“Santa Claus Is Coming to Town” Song
“Santa Claus Is Coming to Town” Song Copyright Terminating Next Year, and “Happy Birthday” Song Copyright Held Invalid
The Second Circuit Court of Appeals in New York rules that “Santa Claus Is Coming to Town” Rights Passed to Author’s Family.
This case centres on the termination rights of songwriters under US copyright law. On Thursday, October 8, the Second Circuit ruled that EMI Feist’s rights to the song will end in December of 2016 and will pass down to the descendants of John Frederick Coots, the original author.
A three-judge appeals panel rejected EMI Feist’s claims it could hold the copyright until 2029. EMI Music Publishing then acquired Feist’s publishing company and catalogue later in the 1980s. EMI Feist is an arm of the London-based music company EMI Group. A lower-court judge in December 2013 had ruled for the company.
Coot’s descendants, however, appealed claiming that a 1981 copyright agreement that was sent to the US Copyright Office that effectively voided the 1951 agreement. Therefore, the contract as currently stands had never been renegotiated, termination rights stand, and the family can get the copyright back next year.
Confusion behind the case begins in 1934, when Coots and his co-author Haven Gillespie sold the tune to one Leo Feist of EMI Feist (owned by Sony). In 1951, Coots granted copyright renewal rights to Feist which EMI sought to enforce. Coots, who wrote the music for hundreds of songs before his 1985 death, co-wrote the song in 1933 with James Lamont “Haven” Gillespie, who died in 1975. Coots and Gillespie had assigned the rights in the song to publisher Leo Feist back in the 1930s, with subsequent deals being made between the songwriters and their publisher in 1951 and 1981.

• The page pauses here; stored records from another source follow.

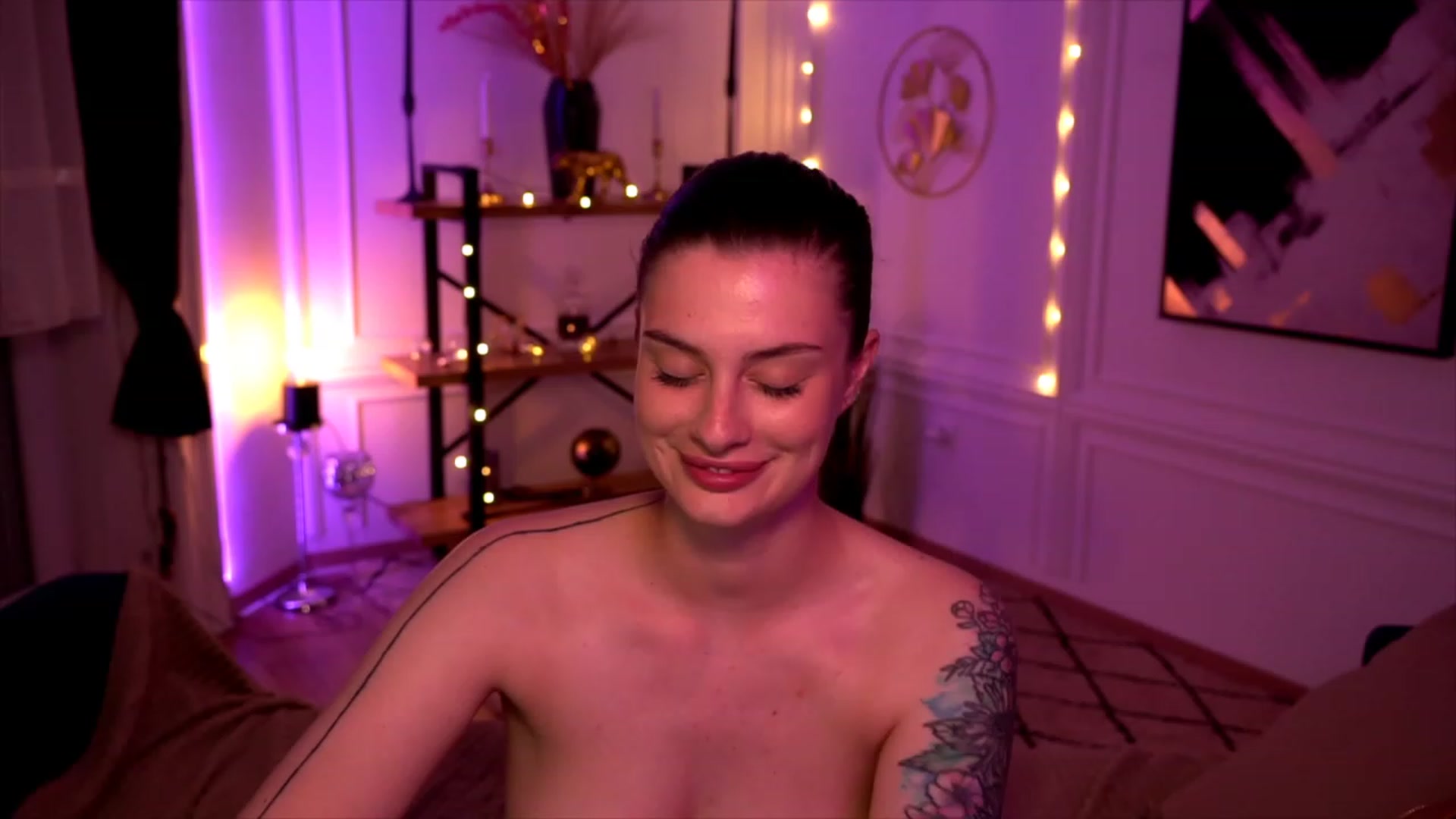 Gallery image thumbnail from lucynutty's myfreecams stream on, 05/31/2023, 20:02 image 6 of 20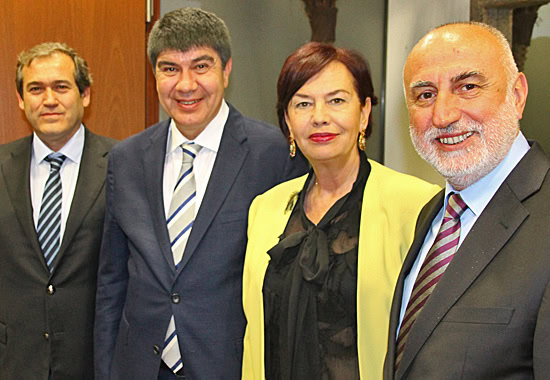 Werben für die türkische Riviera (von links): Usuf Hacisüleyman (Hotelverband Türofed), Mederes Türel (Oberbürgermeister Antalya), Gaye Doganoglo (Anset) und Nizamettin Sen vom Antalya Convention Büro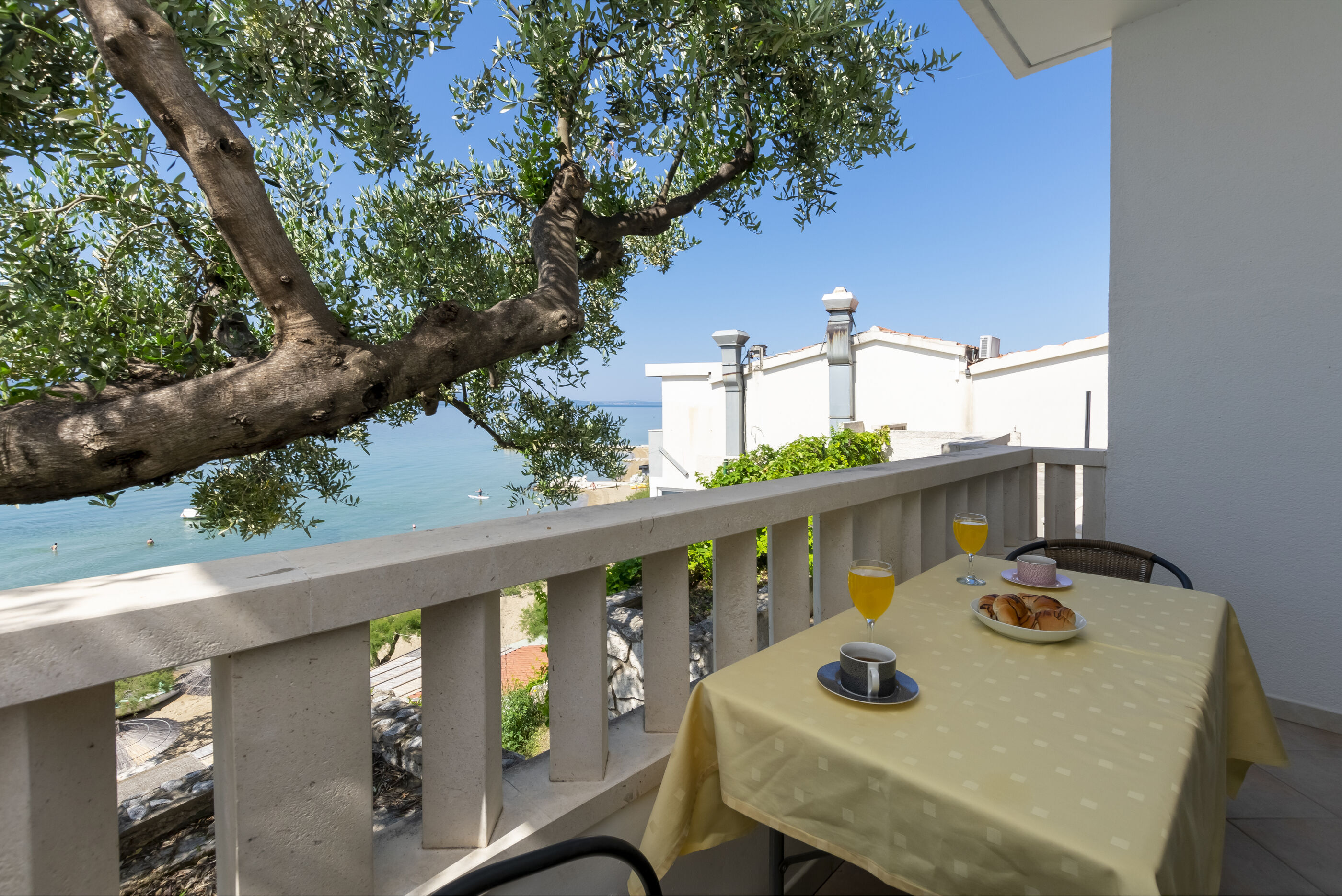 Apartments and Room Jure 93691-A5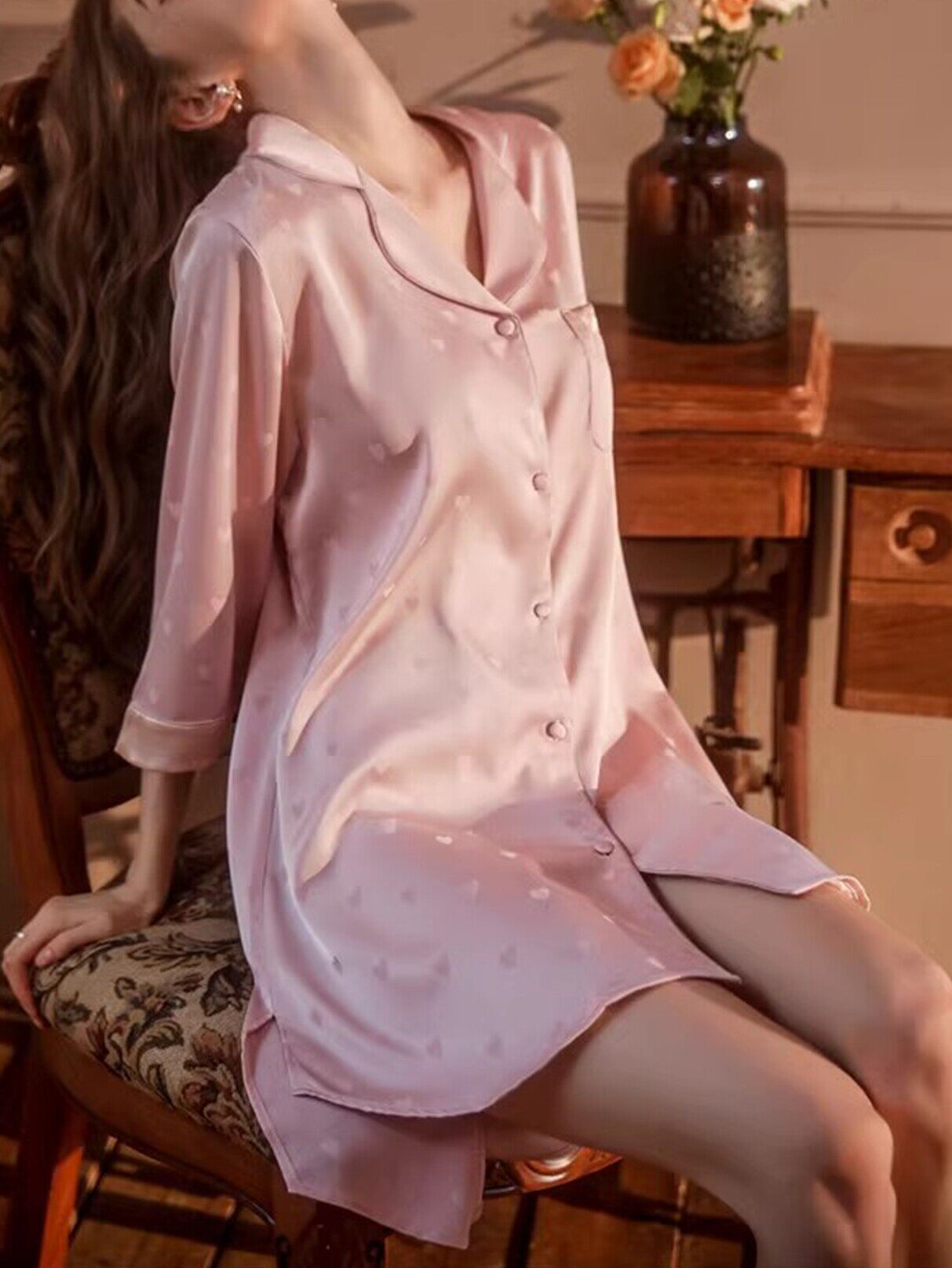 실크 섹시한 잠옷 여성 여름 뽕나무 실크 중간 긴 소매 셔츠 잠옷 하이 엔드 2023 새로운 가정 의류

Given the various renegotiations that had occurred in relation to this song over the years, EMI argued that the Coots estate no longer had a termination right. There are complications with termination rights where publishing deals have previously been renegotiated.
Back in 2007, Coots’ estate filed termination papers, putting EMI on notice that they wanted to take back the rights in the song. Lawyers opposing the lawsuit had argued that Coots gave up some rights when he in 1981 accepted $100,000, which he distributed to his children. The estate countered that the 1981 deal constituted a new contract and that termination should be allowed 35 years after that arrangement.
However, back in 1981 Feist never filed the appropriate papers with the US Copyright Office to confirm that fact, so at first instance in this dispute the courts sided with EMI, ruling that the Coots family no longer had the right to terminate. Under US copyright law, songwriters have a right to terminate their publishing contracts after 35 years, though that law stems from the mid-1970s, so the impact of it has only started to occur in recent years. Yet, the Second Circuit Court of Appeals new ruling is that the 1981 agreement “made it sufficiently clear that the parties intended to replace the earlier contract”, even though some of the required formalities hadn’t been fulfilled.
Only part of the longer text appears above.